Подняв глаза, я разглядел потолок своей темницы. В тридцати или сорока футах надо мной, он состоял из тех же самых, что и стены, листов. Чрезвычайно странная фигура на одном из них приковала мое внимание. Это была Смерть, как обыкновенно ее изображают, но только вместо косы в руке она держала то, что при беглом взгляде показалось мне рисованным маятником, как на старинных часах. Однако что-то в этом механизме заставило меня вглядеться в него пристальней.

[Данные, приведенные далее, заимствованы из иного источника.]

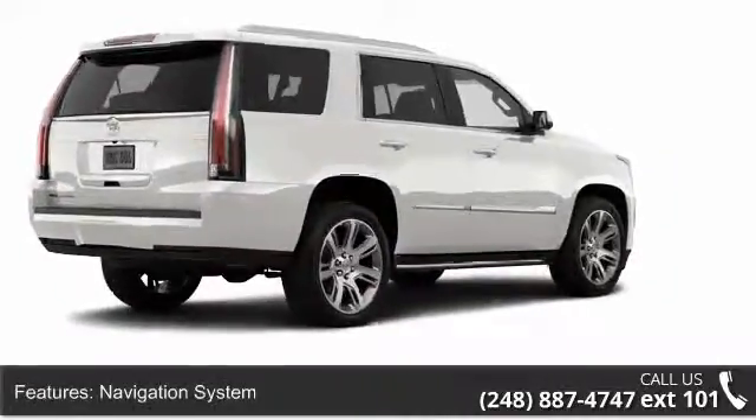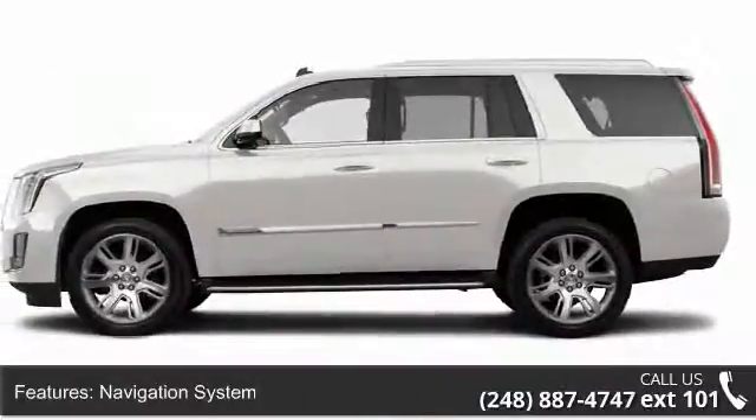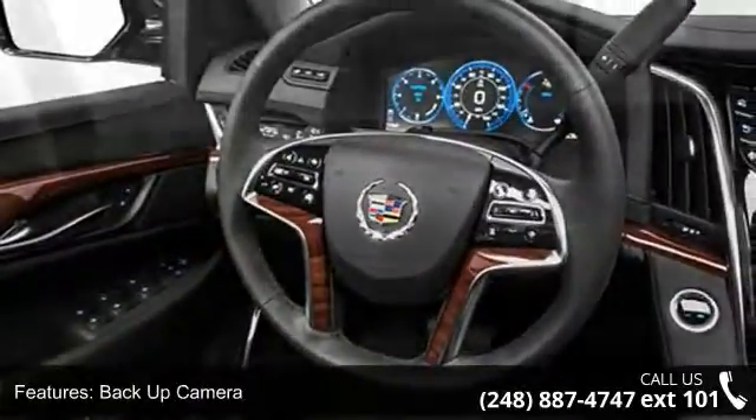Some of the top features included with this vehicle are rain sensing wipers, remote ignition system, climate control seats, memory mirrors, vanity mirrors, remote power door locks, and MP3 player.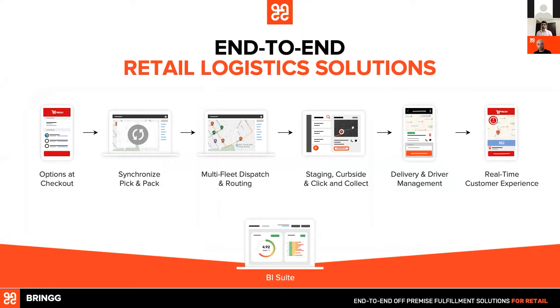The retail logistics solutions we enable allow you to provide options at the checkout on the e-commerce side, allowing your customers to choose their best delivery option or fulfillment — pick up from store, deliver the same day, deliver the next day — depending on price and availability. We synchronize your inventory and the fleets you're using — DoorDash, Postmates, FedEx, UPS — and synchronize all of these with the personnel in the store. We allow you to save money using multi-fleet dispatch and routing.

Пока я смотрел прямо вверх (маятник приходился как раз надо мною), мне почудилось, что он двигается. Минуту спустя впечатление подтвердилось. Ход маятника был короткий и, разумеется, медленный. Несколько мгновений я следил за ним с некоторым страхом, но скорей с любопытством. Наконец, наскуча его унылым качаньем, я решил оглядеться.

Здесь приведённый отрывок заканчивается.